Parkinson’s is one of the diseases that many think could be unique to humans. Its causes are still unclear — genetics and environmental factors both seem to play a big role — but the disease generally has three features: chronicity, progression, and death of dopaminergic neurons, gradually leading to movement disorders. A “good” Parkinson’s model would need to capture these same features; once the disease process starts, it should not spontaneously halt without treatment (chronic), symptoms should worsen or expand over time (progressive), and it should exhibit the hallmark loss of dopaminergic neurons.

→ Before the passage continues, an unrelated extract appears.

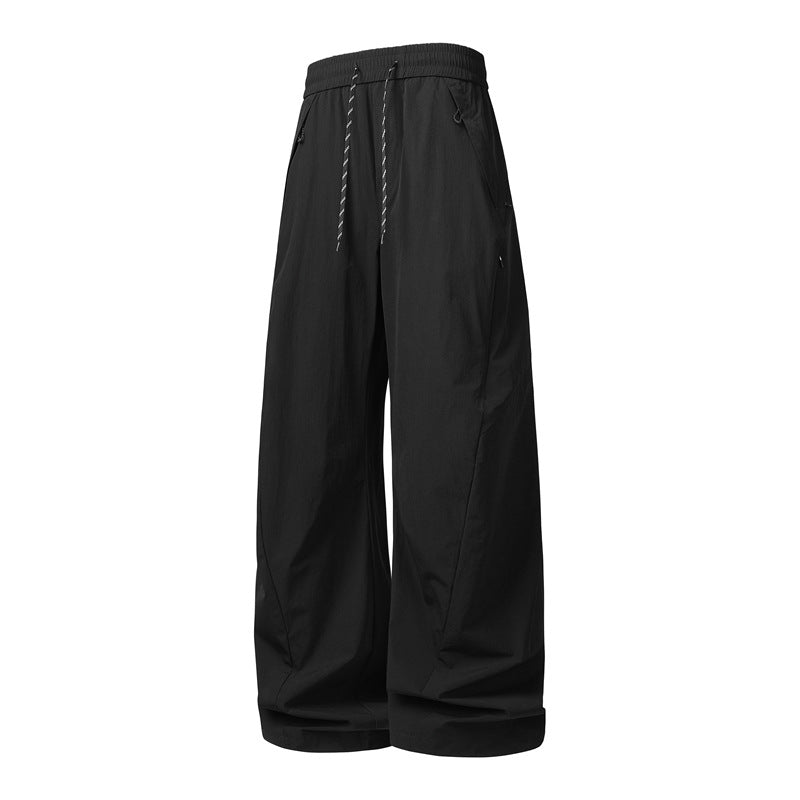 Unisex Weite Tech-Baggy-Hose mit elastischem Kordbund, Reißverschlusstaschen & wasserabweisender Nylonoptik Nord Taschen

When lacking a natural animal model, researchers are often forced to rely on “inducing” conditions in animals where they would not normally arise. This is common in Alzheimer’s and AIDS research, where mice are genetically modified to express human genes associated with that disease. But as treatments tested on these induced animals fail to translate to humans in more than 92 percent of cases, researchers prefer working with “natural” models.

A cynomolgus macaque in the wild.

Parkinson’s researchers also induce animals to study the disease, often by injecting mice or monkeys with a neurotoxin called MPTP, which destroys dopaminergic neurons.2 MPTP toxicity, though, doesn’t perfectly replicate the chronic, progressive nature of Parkinson’s; in some cases, symptoms plateau or partially reverse over time. Perhaps it is unsurprising, then, that after decades spent observing MPTP-treated animals (as well as the few unfortunate humans who accidentally self-administered the same neurotoxin), these induced-Parkinson’s experiments have not yielded any major breakthroughs.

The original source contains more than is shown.